There is one person who is being operated on and who senses and speaks. Categorizing what is happening along the broad dimensions of matter and spirit, does bring to light the complexity that we are. However, considering them as interactive or dependent parts overcomplicates the matter.
Neuroplasticity physically involves the release of chemicals facilitating the growth of connections between neurons and also the efficiency of their neurotransmitter communications with one another. These are not random processes within the healthy person, but happen in accordance with mental activity. One tries to enhance a skill and with repetition physical changes ensue. All this activity is the reality of the person in the world.
Analogies tend to create as many problems as they may solve. That said, consider how two gases combine to form water. As the wave crashes on the shore, hydrogen does not push oxygen and oxygen does not push hydrogen. If you want to break it down into components, the behaviour of the oxygen and the hydrogen seem correlated. If one could detect hydrogen atoms using one technique and oxygen atoms by another, one might be able to locate the wave where the two meet. Each remains as one water molecule, everywhere in the wave.*
To me you’re now changing the rules by saying that “the broad dimensions of matter and spirit” is not dualism. Unless you’re saying matter and spirit are not “radically different kinds of thing” then surely by definition it is dualism.

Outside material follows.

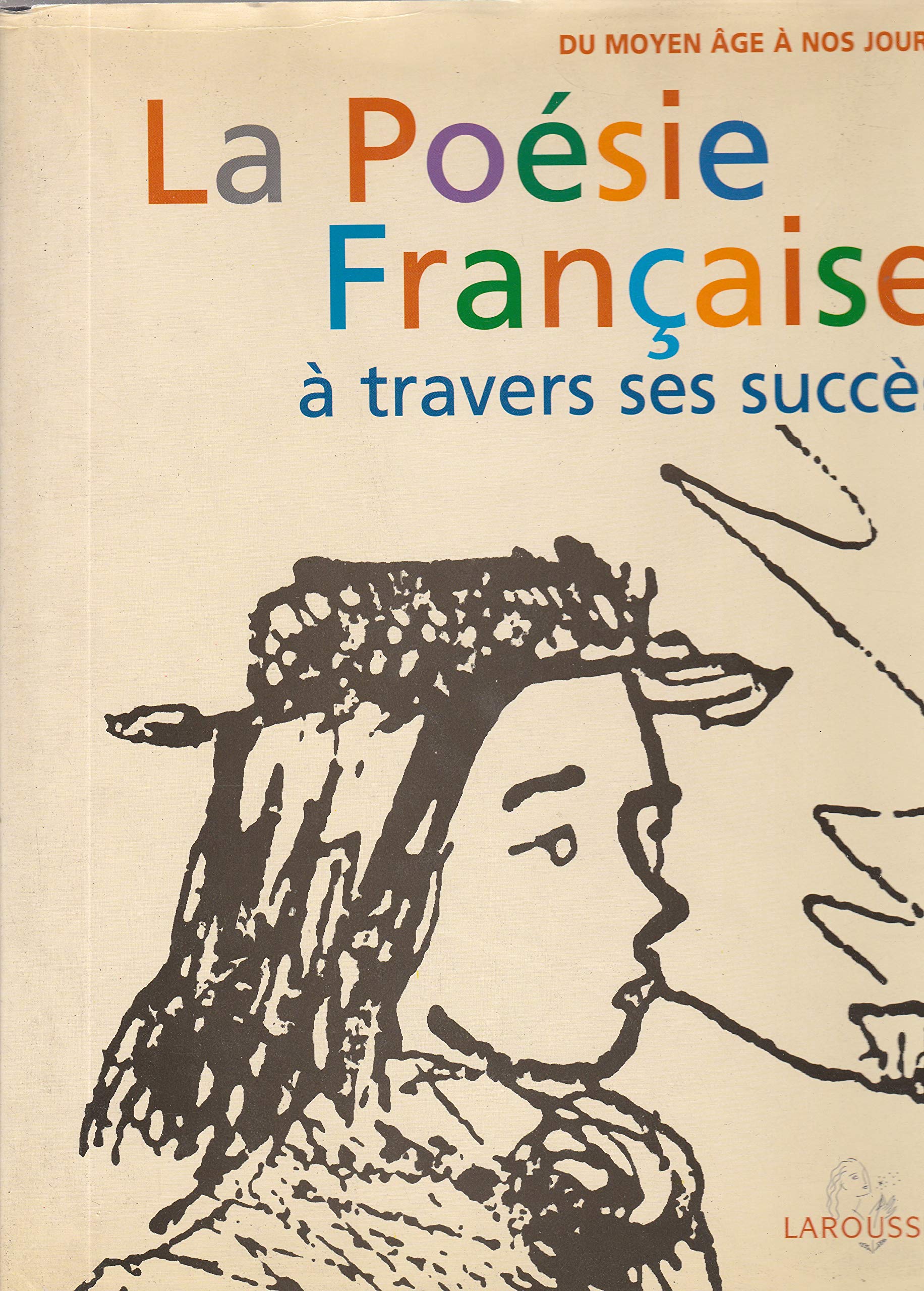 LA POESIE FRANCAISE A TRAVERS SES SUCCES.: Du Moyen Age à nos jours 9782035080134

To take another definition of dualism: “In philosophy of mind, dualism is the position that mental phenomena are, in some respects, non-physical, or that the mind and body are not identical”. - en.wikipedia.org/wiki/Dualism_(philosophy_of_mind

Someone who says “the mind is the physical activity of the brain” is saying that mind is looking top-down at the same thing looking bottom-up, whereas surely thinking in terms of matter and spirit is thinking that “mental phenomena are, in some respects, non-physical, or that the mind and body are not identical”.

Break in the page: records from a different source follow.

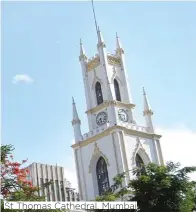  ??  ?? St Thomas Cathedral, Mumbai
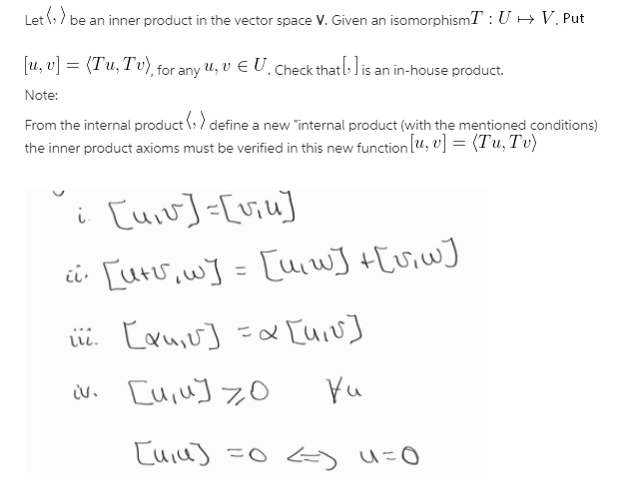 Let (:) be an inner product in the vector space V. Given an isomorphismT : U - V. Put
[u, v] = (Tu, Tv), for any u, V E U. Check thatl:lis an in-house product.
Note:
From the internal product (:) define a new "internal product (with the mentioned conditions)
the inner product axioms must be verified in this new function (u, v] = (Tu, Tv)
i [uiv]=[viu]
i [uru,w] = [uw] +[viw]
ii. Cauiu] =x [uiv]
N. [uiu] 7O
Yu
[uiu] =0 u=0
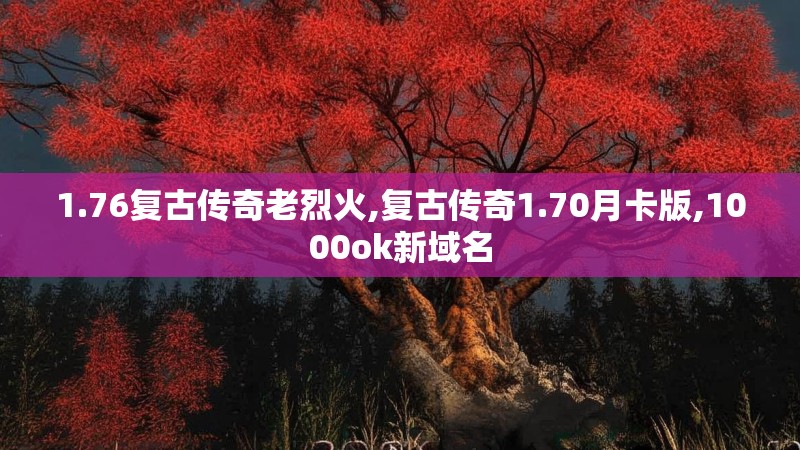 1.76复古传奇老烈火,复古传奇1.70月卡版,1000ok新域名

Anyhow, we seem to be well off-topic, as would appear possible to take either position and still be a theist or an atheist.
 
I don’t know what you mean by a ‘Science of the Gaps ideology’. Please explain.
It’s the corollary to the atheist’s “God of the Gaps” objection.

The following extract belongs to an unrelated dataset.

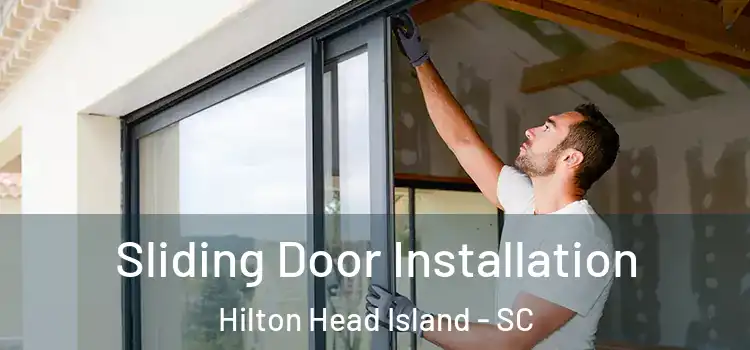 Sliding Door Installation Hilton Head Island - SC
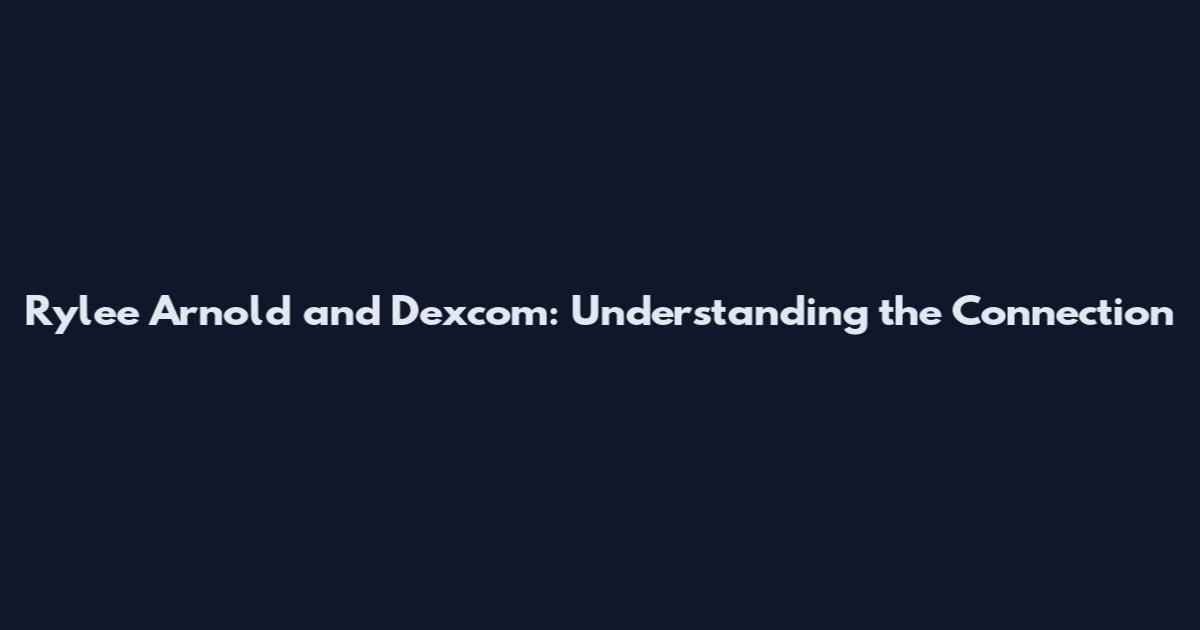 Rylee Arnold and Dexcom: Understanding the Connection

“Science of the Gaps” --“we don’t know now, but Science will figure it out”.

It’s a faith-based assertion, which is especially egregious coming from someone who eschews faith-based assertions. 🙂
It’s not at all unscientific to recognise the limits of the evidence available and to refrain from drawing conclusions from a sample set that is clearly far too small.
This is true.

And it limns quite clearly the limits of science.
It is entirely scientific to admit “We don’t know.”
Of course.
What is unscientific is to assert that something is universally true because it has never been observed within a tiny set of experiences.
Indeed.

But to say, “Well, it’s possible for something to come from nothing, even though…in my entire experience…in the entirety of all human knowledge that has existed…in the domain of empirical science…not a single time I have known this to occur…nor has anything ever been demonstrated to come from nothing…EVER…”

–that paradigm is begging for an explanation, no?

You can see how the Believer would be head-scratching that an atheist could consider to be true the idea that something can come from nothing…

unless the atheist is a believer in magic, right?